Input material section start
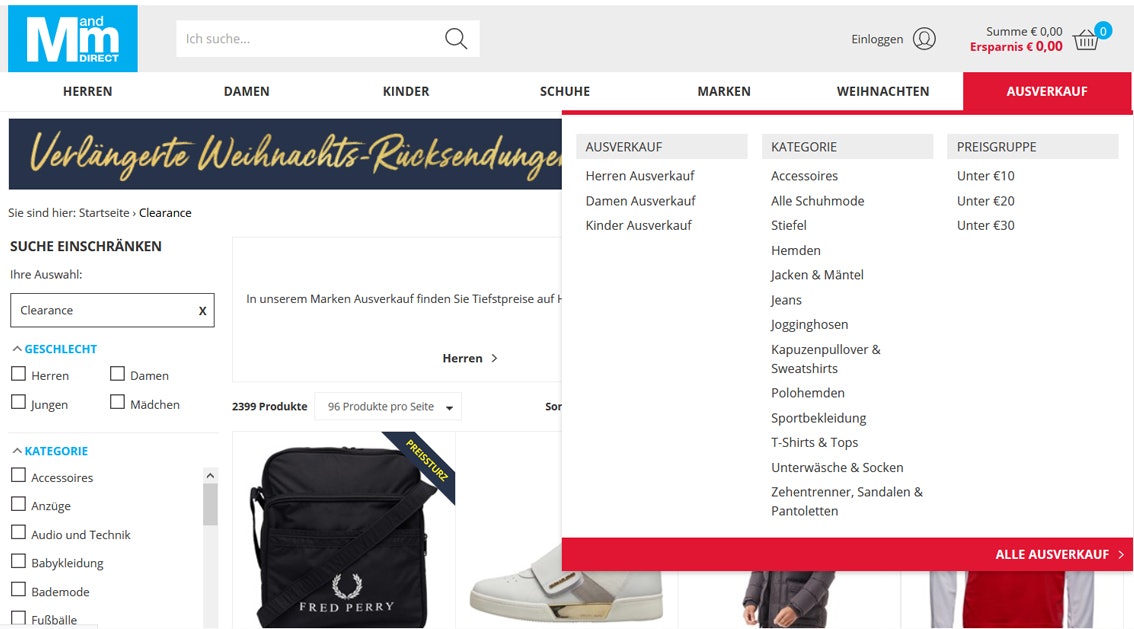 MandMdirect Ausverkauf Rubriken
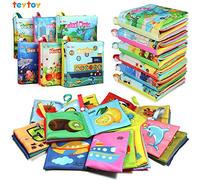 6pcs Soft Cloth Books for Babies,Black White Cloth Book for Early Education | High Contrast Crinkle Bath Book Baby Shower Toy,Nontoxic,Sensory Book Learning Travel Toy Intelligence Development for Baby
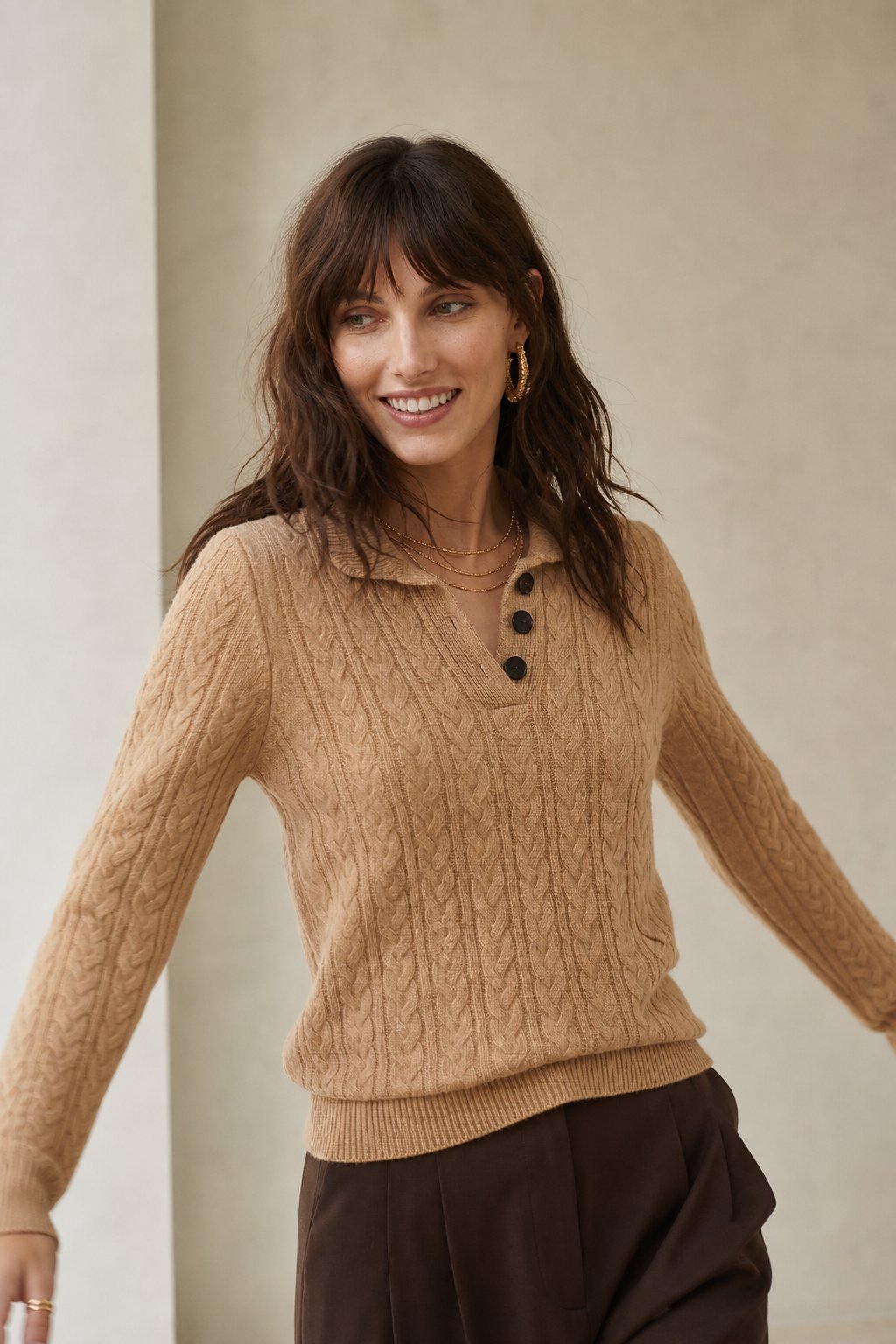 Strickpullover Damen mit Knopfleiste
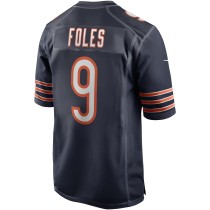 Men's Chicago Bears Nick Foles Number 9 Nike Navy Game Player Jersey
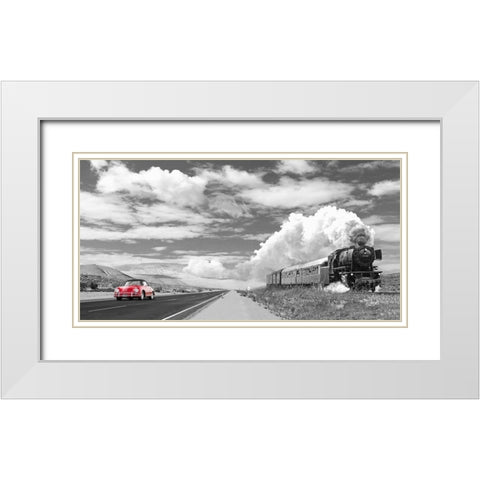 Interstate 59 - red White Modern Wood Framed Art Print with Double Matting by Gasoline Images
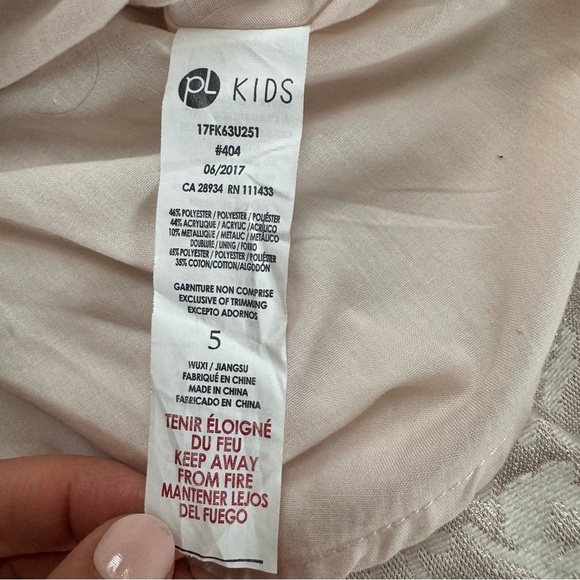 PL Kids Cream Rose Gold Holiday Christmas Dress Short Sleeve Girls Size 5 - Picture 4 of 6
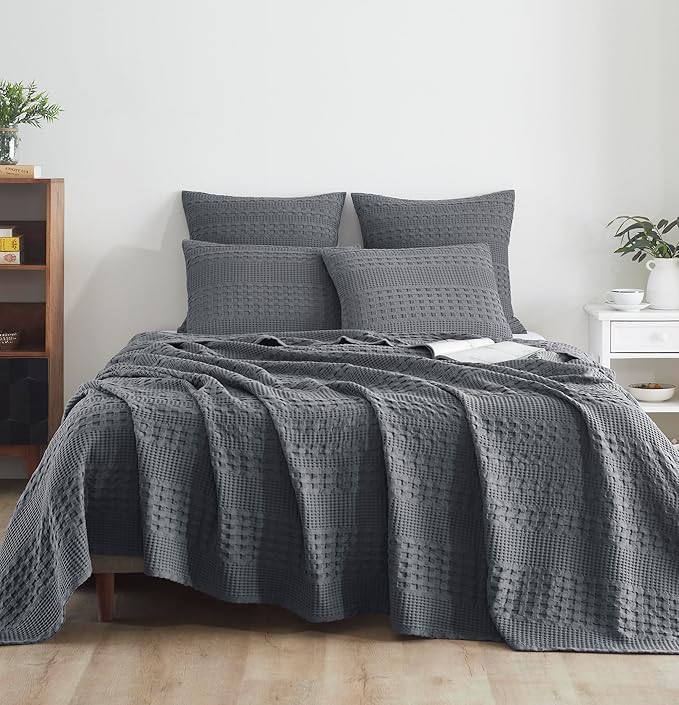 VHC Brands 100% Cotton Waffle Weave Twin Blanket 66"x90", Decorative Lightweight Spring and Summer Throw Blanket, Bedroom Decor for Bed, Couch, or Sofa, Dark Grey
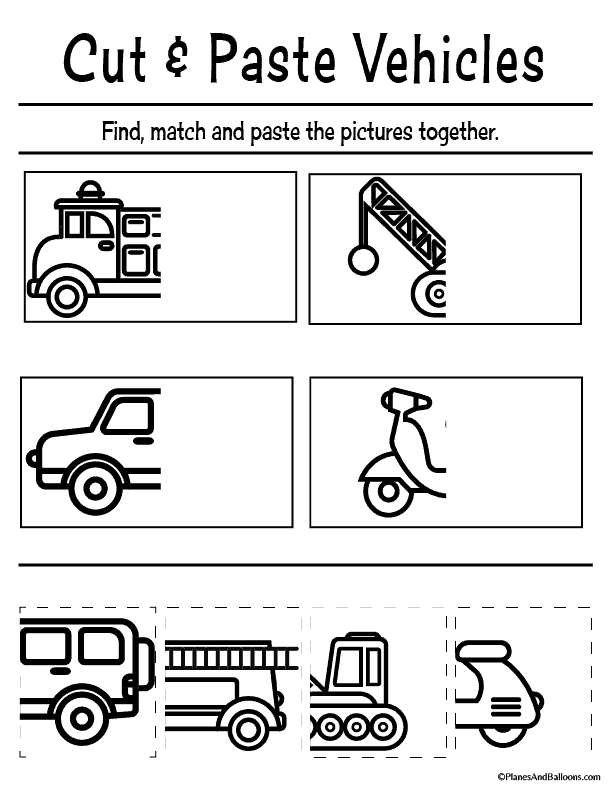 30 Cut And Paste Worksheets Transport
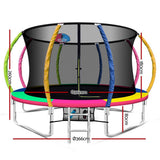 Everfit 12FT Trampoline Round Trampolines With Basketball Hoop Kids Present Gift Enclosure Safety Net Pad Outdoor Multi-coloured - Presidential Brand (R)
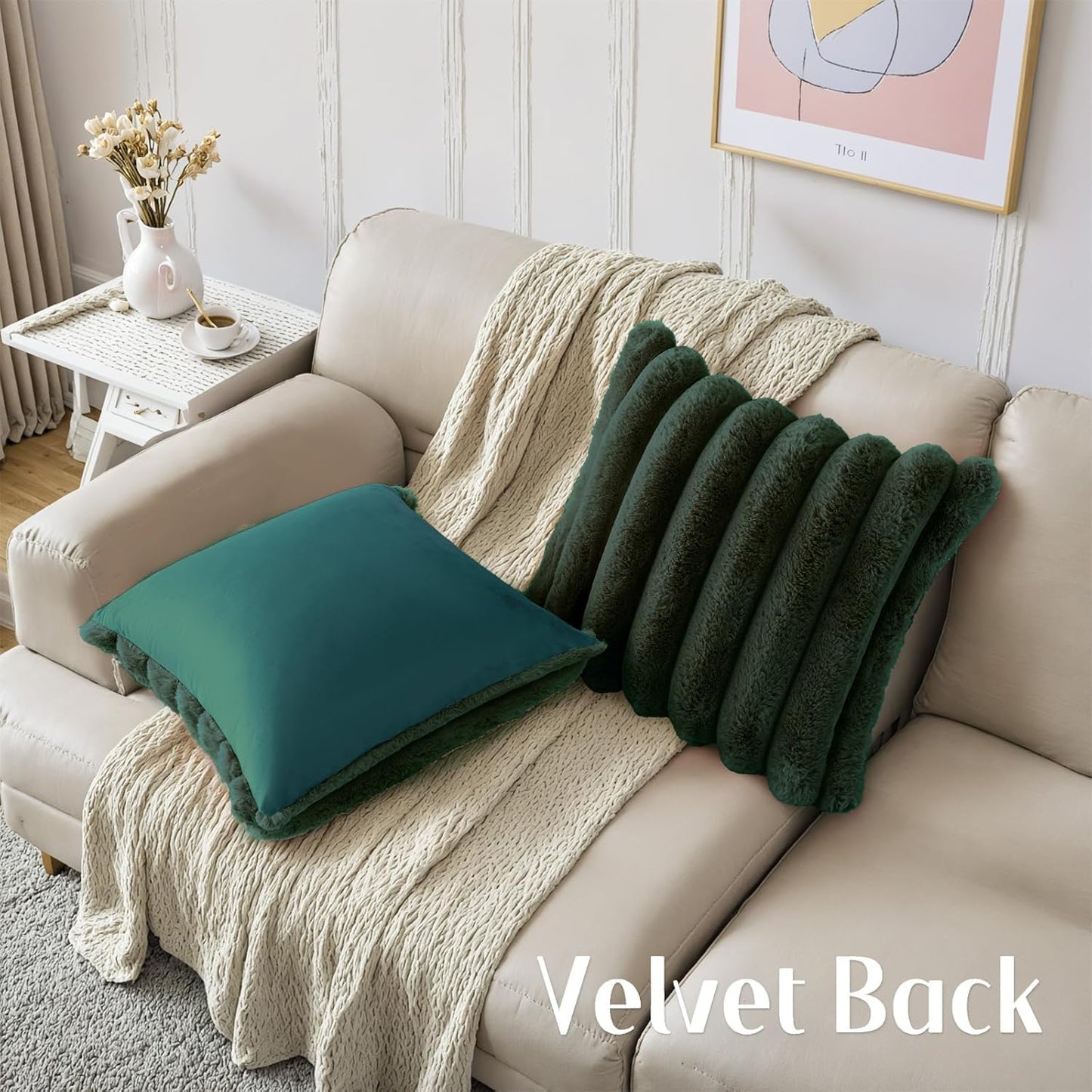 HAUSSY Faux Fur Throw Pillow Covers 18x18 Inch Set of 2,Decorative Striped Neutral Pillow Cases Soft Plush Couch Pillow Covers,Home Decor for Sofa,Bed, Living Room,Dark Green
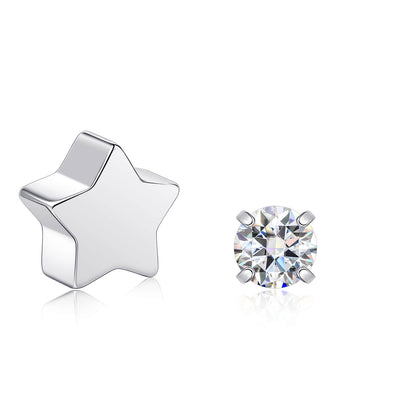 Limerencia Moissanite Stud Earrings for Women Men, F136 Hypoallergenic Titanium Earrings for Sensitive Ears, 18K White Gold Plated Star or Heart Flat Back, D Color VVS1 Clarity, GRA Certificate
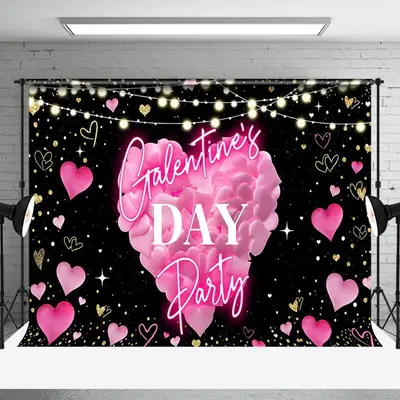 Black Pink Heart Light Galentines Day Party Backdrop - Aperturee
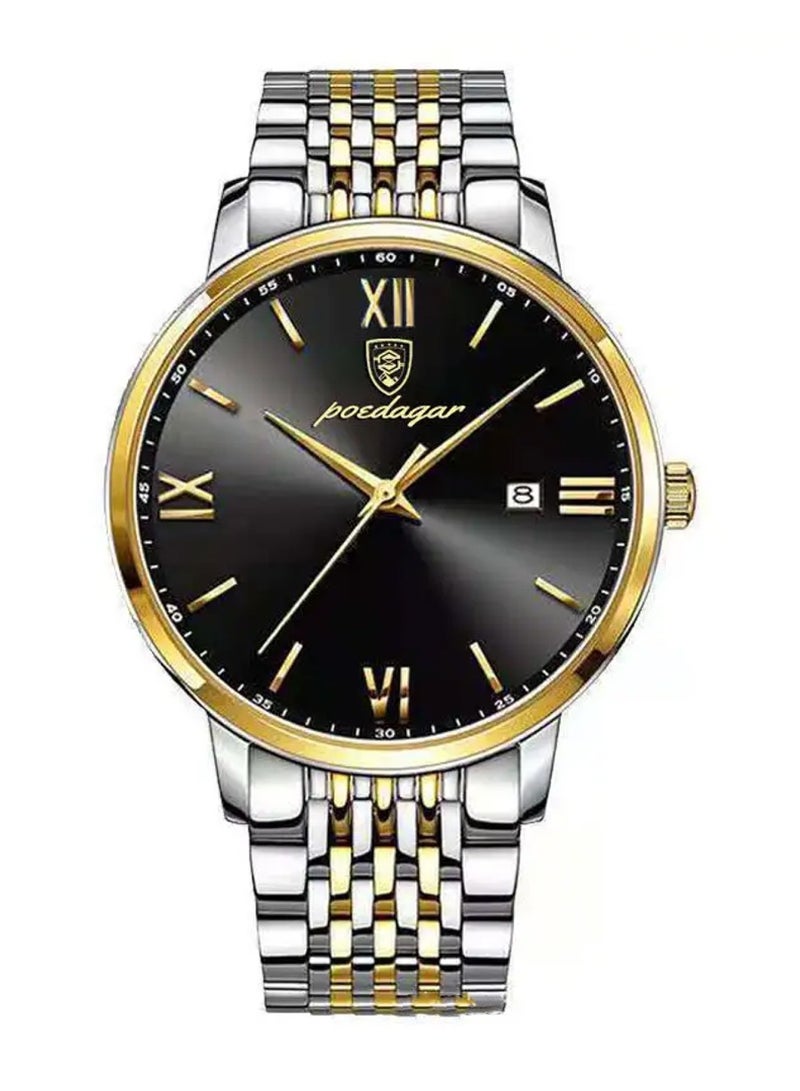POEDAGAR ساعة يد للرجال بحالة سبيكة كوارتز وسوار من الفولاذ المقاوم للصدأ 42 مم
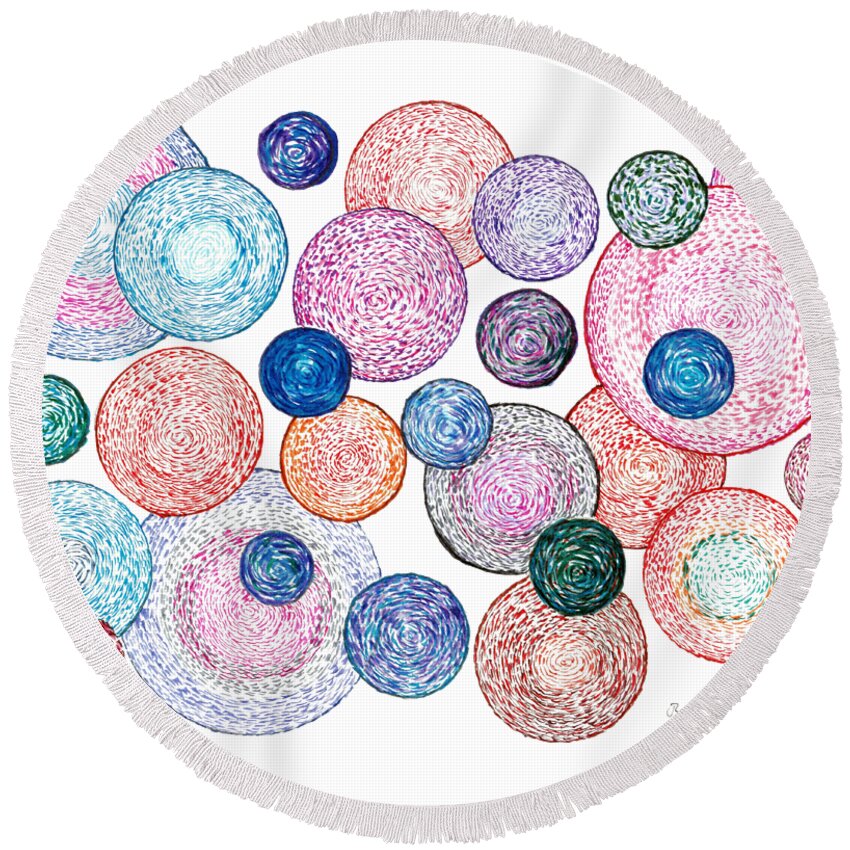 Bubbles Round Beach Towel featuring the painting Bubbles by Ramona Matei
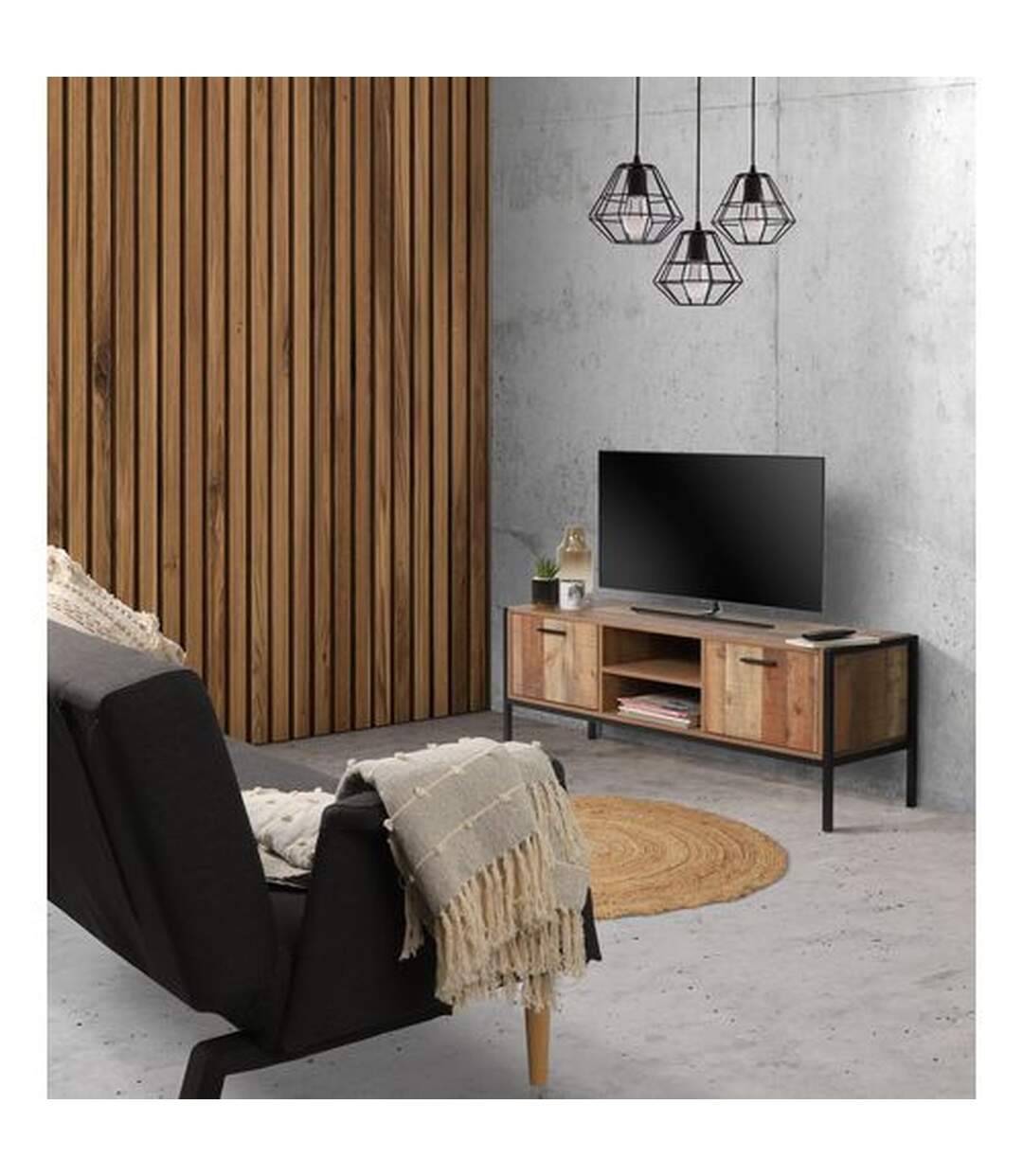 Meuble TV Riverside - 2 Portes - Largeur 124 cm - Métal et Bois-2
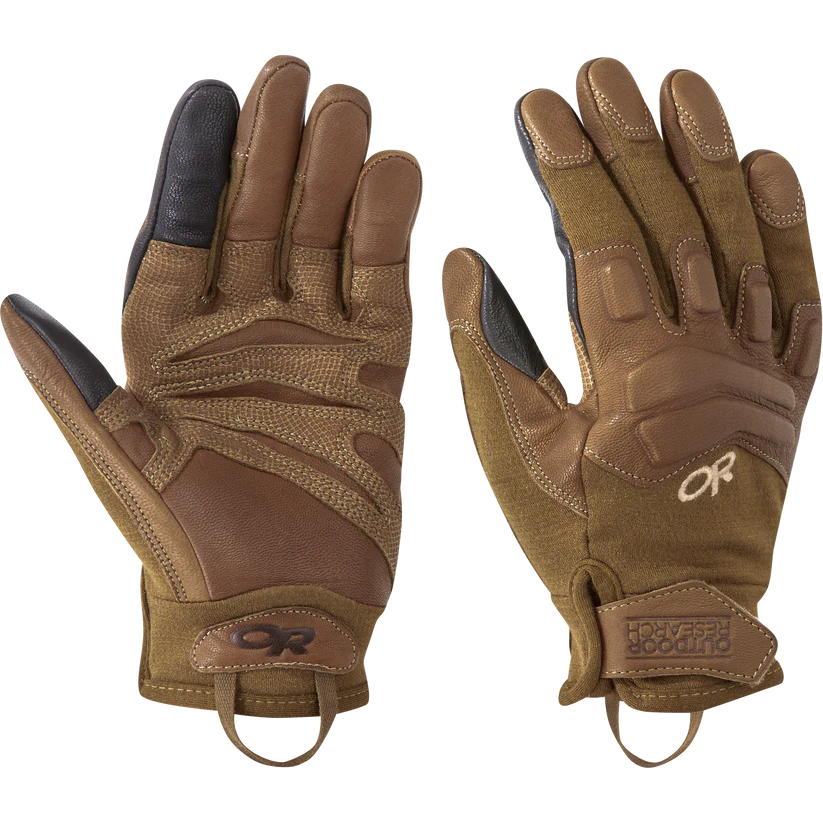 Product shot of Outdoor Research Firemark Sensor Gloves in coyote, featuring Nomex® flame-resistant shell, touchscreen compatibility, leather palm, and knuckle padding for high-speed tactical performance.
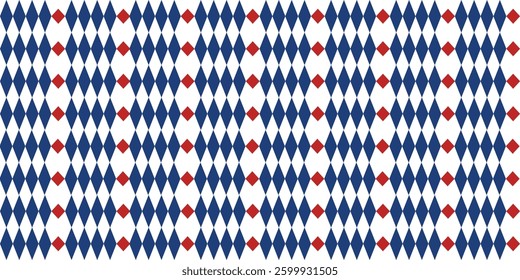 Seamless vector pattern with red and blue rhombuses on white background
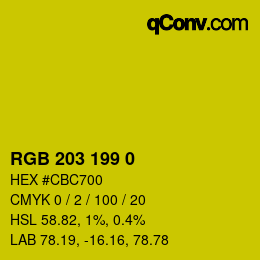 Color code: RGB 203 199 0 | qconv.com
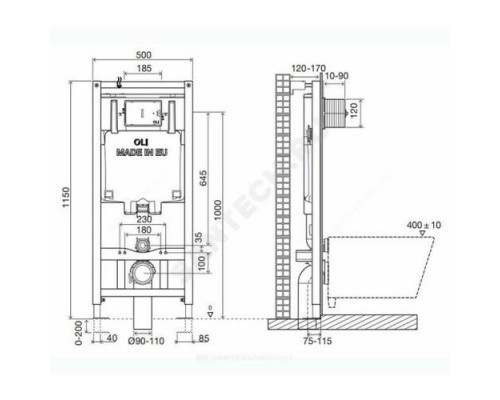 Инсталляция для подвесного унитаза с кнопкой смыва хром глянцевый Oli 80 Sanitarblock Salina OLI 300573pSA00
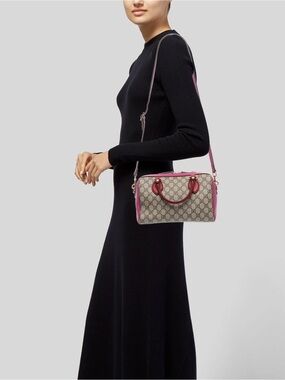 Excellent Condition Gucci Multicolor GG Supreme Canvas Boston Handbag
Input material section end
Exercise — Nothing but the lines from the one holding "PL Kids Cream" through the final line of the records above belongs in the answer, each retyped exactly; omit the pictures.

Answer space —
 PL Kids Cream Rose Gold Holiday Christmas Dress Short Sleeve Girls Size 5 - Picture 4 of 6
 VHC Brands 100% Cotton Waffle Weave Twin Blanket 66"x90", Decorative Lightweight Spring and Summer Throw Blanket, Bedroom Decor for Bed, Couch, or Sofa, Dark Grey
 30 Cut And Paste Worksheets Transport
 Everfit 12FT Trampoline Round Trampolines With Basketball Hoop Kids Present Gift Enclosure Safety Net Pad Outdoor Multi-coloured - Presidential Brand (R)
 HAUSSY Faux Fur Throw Pillow Covers 18x18 Inch Set of 2,Decorative Striped Neutral Pillow Cases Soft Plush Couch Pillow Covers,Home Decor for Sofa,Bed, Living Room,Dark Green
 Limerencia Moissanite Stud Earrings for Women Men, F136 Hypoallergenic Titanium Earrings for Sensitive Ears, 18K White Gold Plated Star or Heart Flat Back, D Color VVS1 Clarity, GRA Certificate
 Black Pink Heart Light Galentines Day Party Backdrop - Aperturee
POEDAGAR ساعة يد للرجال بحالة سبيكة كوارتز وسوار من الفولاذ المقاوم للصدأ 42 مم
 Bubbles Round Beach Towel featuring the painting Bubbles by Ramona Matei
 Meuble TV Riverside - 2 Portes - Largeur 124 cm - Métal et Bois-2
 Product shot of Outdoor Research Firemark Sensor Gloves in coyote, featuring Nomex® flame-resistant shell, touchscreen compatibility, leather palm, and knuckle padding for high-speed tactical performance.
 Seamless vector pattern with red and blue rhombuses on white background
 Color code: RGB 203 199 0 | qconv.com
 Инсталляция для подвесного унитаза с кнопкой смыва хром глянцевый Oli 80 Sanitarblock Salina OLI 300573pSA00
 Excellent Condition Gucci Multicolor GG Supreme Canvas Boston Handbag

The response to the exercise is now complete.